Distances with <4% Precision from Type Ia Supernovae in Young Star-Forming Environments
Patrick L. Kelly (UCB), Alexei V. Filippenko (UCB), David L. Burke, (SLAC), Malcolm Hicken (CfA), Mohan Ganeshalingam (LBNL), Weikang Zheng (UCB)

TL;DR
This study demonstrates that Type Ia supernovae in young, star-forming environments can be used as highly precise distance indicators, achieving less than 4% uncertainty in distance measurements.
Contribution
The paper introduces a method to calibrate Type Ia supernovae in star-forming regions with <4% distance precision, highlighting the role of progenitor age in luminosity variations.
Findings
Calibration accuracy of ~0.07 magnitudes (~4% distance)

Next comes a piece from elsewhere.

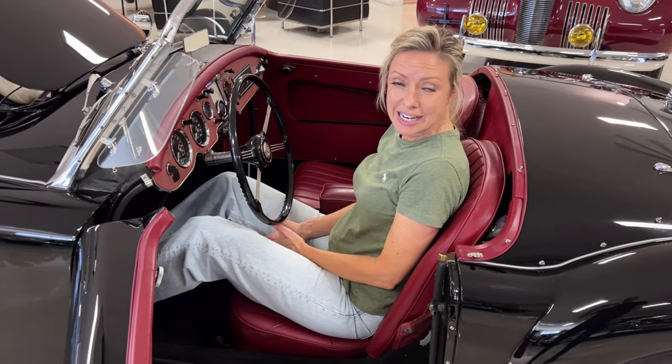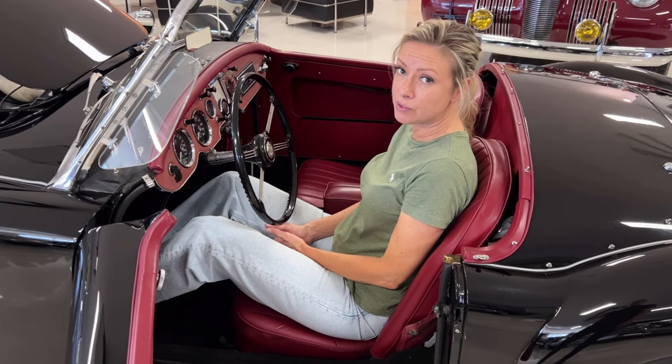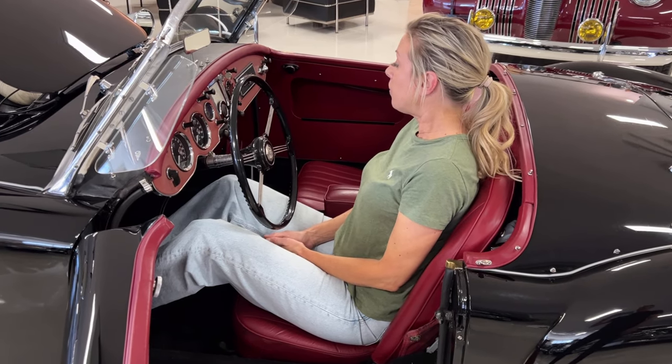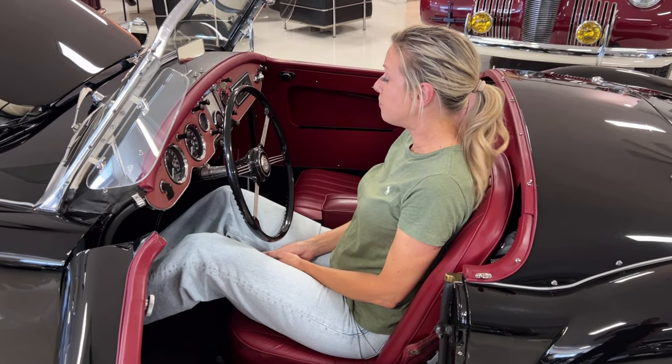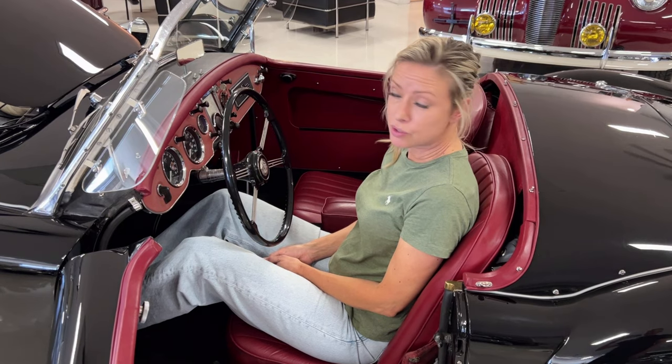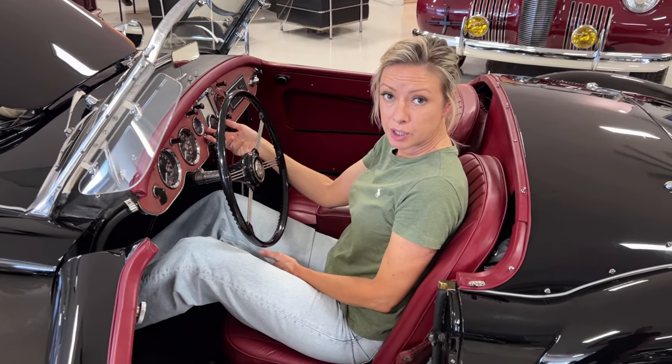This is a startup video for a 1962 MGA Mark II 1600 Roadster. We don't need to put the choke on because we've been driving it around today. Basically what we have to do is just make sure it's in neutral, turn the key, and then pull the starter button.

Supernovae in star-forming environments show tight luminosity scatter
Progenitor age dispersion primarily drives light-curve and luminosity relations
Abstract
The luminosities of Type Ia supernovae (SNe), the thermonuclear explosions of white-dwarf stars, vary systematically with their intrinsic color and the rate at which they fade. From images taken with the Galaxy Evolution Explorer (GALEX), we identified SNe Ia that erupted in environments that have high ultraviolet surface brightness and star-formation surface density. When we apply a steep model extinction law, we calibrate these SNe using their broadband optical light curves to within ~0.065 to 0.075 magnitudes, corresponding to <4% in distance. The tight scatter, probably arising from a small dispersion among progenitor ages, suggests that variation in only one progenitor property primarily accounts for the relationship between their light-curve widths, colors, and luminosities.